Say the word "brunch" and many people envision omelets, bacon, sausage, and heaping platters of pancakes, French toast or muffins. If they think of fruit at all, guests might envision a glass of orange juice or a Mimosa. Add some color and a heart-healthy alternative to your brunch by offering an array of fresh fruit. Whole or in pieces, by itself or in a salad, fresh fruit is a healthful, tasty and easy addition to a brunch menu.
Wash all the fruit you plan to serve with brunch. Rinse berries and grapes in a large colander under cold water, then shake off the excess water. Clean apples under running water and pat them dry with a paper towel. Remove the peel from oranges and bananas.

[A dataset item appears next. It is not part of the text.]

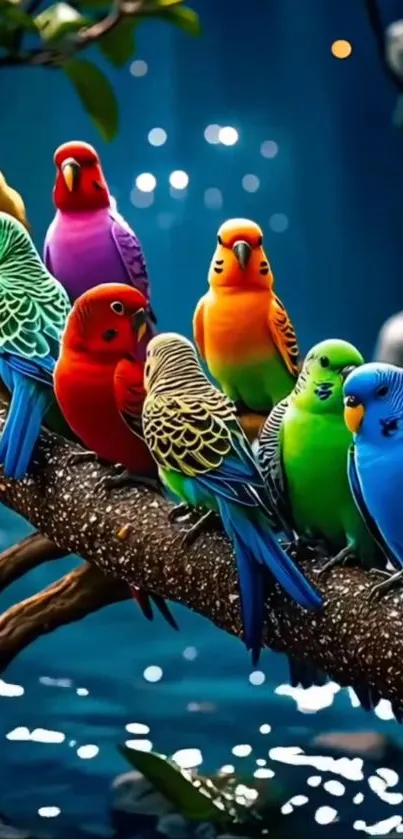 Blue Bird Parrot Live Wallpaper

Cut a variety of fruit -- such as apples, bananas, pineapple and various melons -- into bite-size pieces. Arrange them on a tiered serving tray or platter in an eye-catching pattern. Add some green, red and purple grapes, and some blueberries for more color. Serve the fruit with a dip made of vanilla yogurt with a little honey, or a caramel dip for a sweet dipping option.
Cut a large fresh pineapple or watermelon in half horizontally. Carefully scoop out the fruit from the rind and set it aside. If you're using a watermelon, use a sharp knife to make a scalloped or zigzag design around the cut top edge. Cut a variety of fresh fruits into bite-size pieces and use them to fill up the pineapple or watermelon shell for an attractive serving display. Or mix the cut fruit with a little poppy seed salad dressing or a raspberry vinaigrette, before scooping it into the melon or pineapple shell.
Make fruit kebabs with a colorful, small pieces of fruit and long bamboo skewers. Carefully thread grapes, strawberries, pieces of pineapple and banana slices onto the skewers. Arrange the skewers on a serving tray or stand them in a glass vase like a floral arrangement.
- Spritz cut fruit with a little lemon juice to keep it from turning brown.